PROMPT>
Nothing but the lines from the one containing "Что будет если" through the one containing "โปสเตอร์ F184 เบียร์", both included, should be given again, each exactly as written below.

RECORD SET>
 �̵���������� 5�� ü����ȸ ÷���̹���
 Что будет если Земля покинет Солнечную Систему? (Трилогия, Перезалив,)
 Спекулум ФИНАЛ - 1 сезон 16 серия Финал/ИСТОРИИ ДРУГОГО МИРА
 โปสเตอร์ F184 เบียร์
--
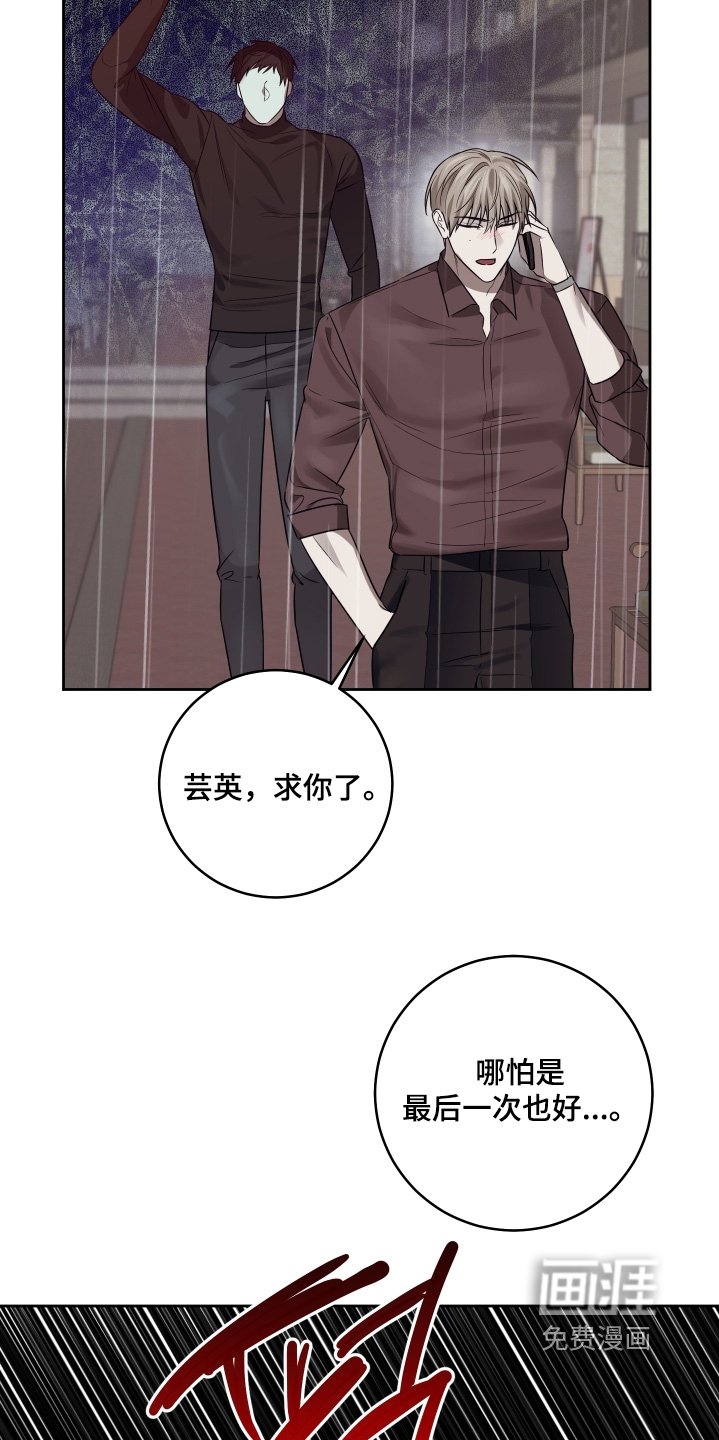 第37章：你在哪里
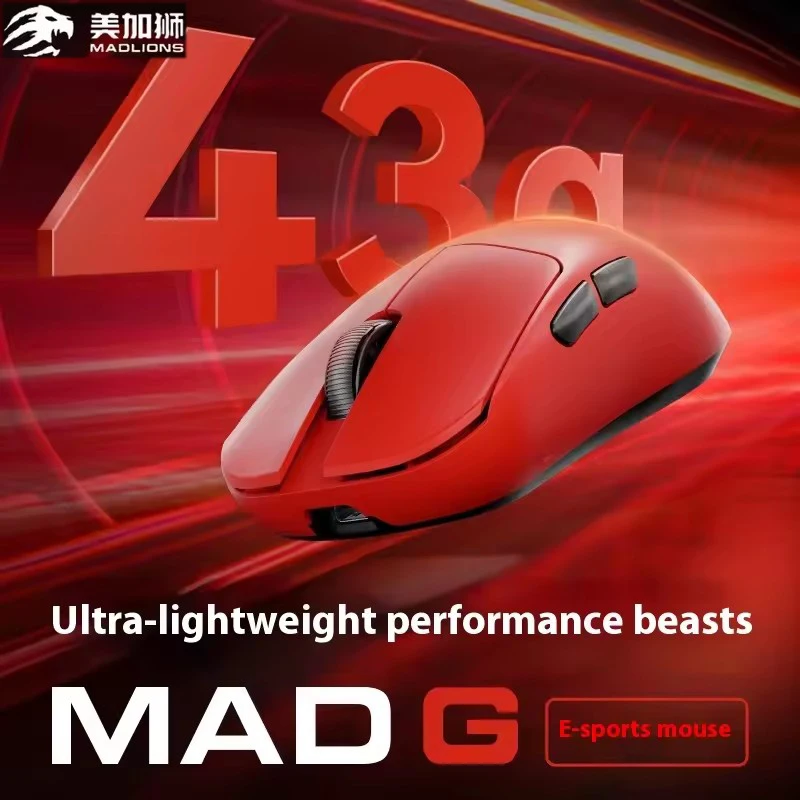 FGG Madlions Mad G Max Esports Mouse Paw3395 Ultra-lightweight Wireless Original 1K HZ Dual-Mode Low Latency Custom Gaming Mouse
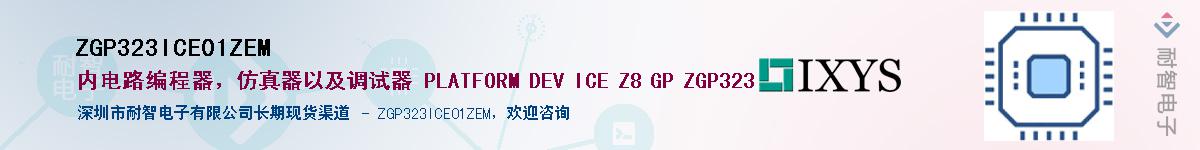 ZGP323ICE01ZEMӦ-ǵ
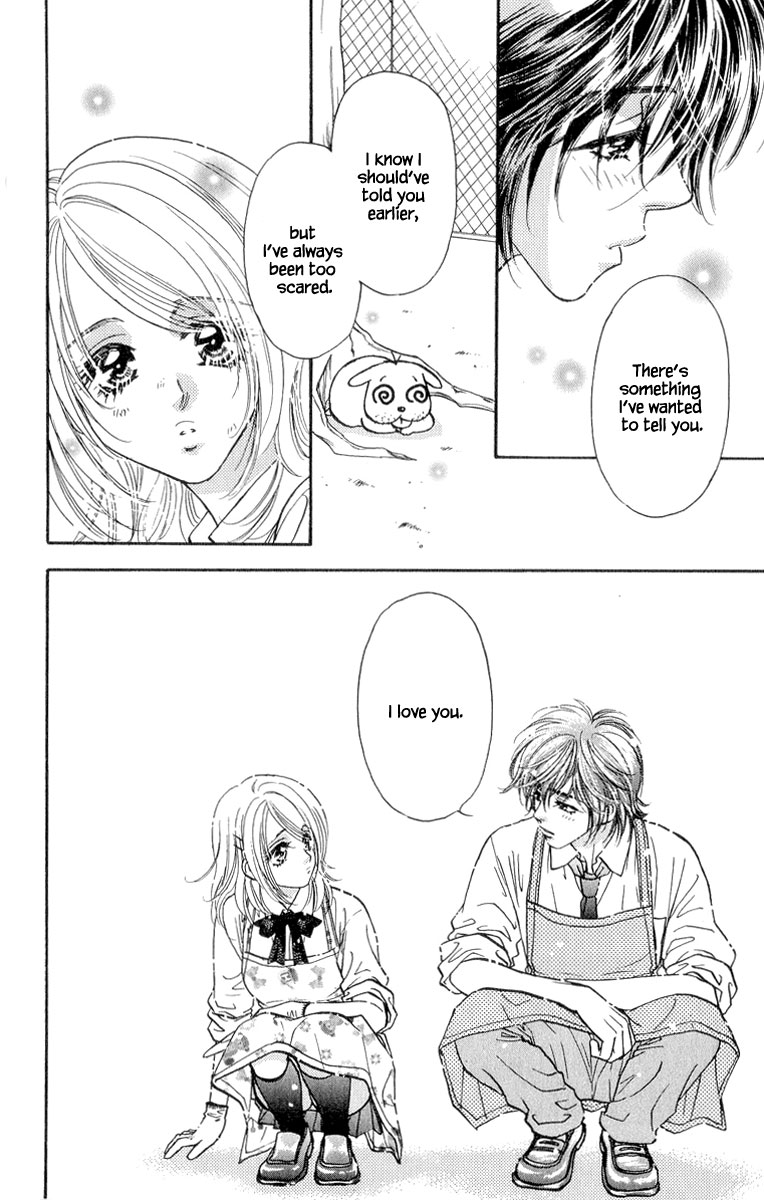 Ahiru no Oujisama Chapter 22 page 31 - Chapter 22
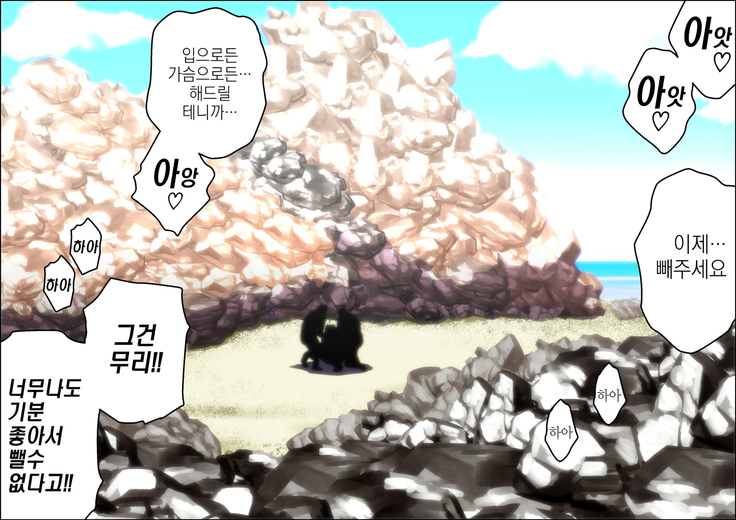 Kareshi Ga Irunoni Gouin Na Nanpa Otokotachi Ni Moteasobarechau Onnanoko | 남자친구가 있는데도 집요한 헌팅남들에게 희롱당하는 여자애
---
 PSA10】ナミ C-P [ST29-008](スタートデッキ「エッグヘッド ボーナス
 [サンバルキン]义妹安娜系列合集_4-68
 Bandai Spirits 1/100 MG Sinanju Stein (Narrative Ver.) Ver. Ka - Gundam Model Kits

YOUR SOLUTION>
 Что будет если Земля покинет Солнечную Систему? (Трилогия, Перезалив,)
 Спекулум ФИНАЛ - 1 сезон 16 серия Финал/ИСТОРИИ ДРУГОГО МИРА
 โปสเตอร์ F184 เบียร์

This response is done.